Ruff Python 3.12+ Docs

Stream is a design space exploration (DSE) and constraint-optimization framework for heterogeneous dataflow accelerators: accelerator systems built by combining cores that each have their own dataflow and performance model (AIE and TPU-like are two example core types among others). Scheduling is layer-fused, and the TETRA constraint optimization uses MILP (Mixed-Integer Linear Programming) to decide tensor placement and transfer paths across the cores of such a system. Stream builds on top of ZigZag for per-core cost estimation.


✨ Key Features

Heterogeneous dataflow cores: compose an accelerator from cores that each carry their own dataflow and cost model (AIE, TPU-like, pooling, SIMD, and more).

Layer-fused scheduling across the whole system of cores.

TETRA constraint optimization: a MILP (TransferAndTensorAllocator) decides tensor placement and transfer-path routing.

Pluggable solver backends: OR-Tools GSCIP (default, license-free), OR-Tools HiGHS, and Gurobi behind one unified SolverModel API.

ONNX workloads with auto-generated or hand-written mappings.
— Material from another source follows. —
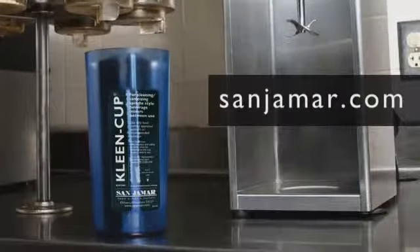For more information about Clean Cup and other smart food safety products, visit Sanjumar.com.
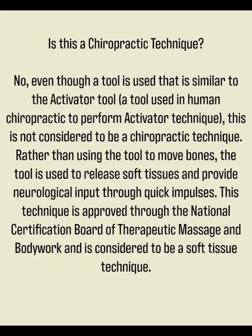Rather than using the tool to move bones, the tool is used to release soft tissues and provide neurological input through quick impulses. This technique is approved through the National Board of Therapeutic Massage and Body Work and is considered to be a soft tissue technique.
AMD AIE code generation: emit aie / aiex MLIR for the Ryzen AI NPU, ready for the mlir-aie / IRON toolchain.

Built for AI agents: an MCP server and typed IR models expose the pipeline programmatically.

The pipeline runs as a chain of stages: parse → tile → cost → MILP allocation → memory estimation.


🚀 Installation

Python >=3.12 is required.

Full install with MCP server support (from the repo root):

pip install -e ".[mcp]"

Base install (no MCP server):

pip install -e .

The authoritative dependency source is pyproject.toml (package stream-dse). The base install pulls in zigzag-dse, ortools>=9.15 (the default, license-free MILP backend), pydantic, pydot, and xdsl. Optional extras: [mcp] adds fastmcp (required for the MCP server); [gurobi] adds gurobipy (commercial solver, opt-in).

AIE code generation

AIE-target MLIR codegen and tracing additionally need the AMD AIE toolchain (mlir_aie, llvm-aie, xdsl-aie, snax-mlir, aie-python-extras). These are git/URL installs that PyPI does not allow in package metadata, so a console script installs them after the base install rather than via an extra:

pip install -e .       # or, once published: pip install stream-dse
stream-setup-aie       # installs the AIE toolchain into the current environment

stream-setup-aie --dry-run prints exactly what it will install without making changes.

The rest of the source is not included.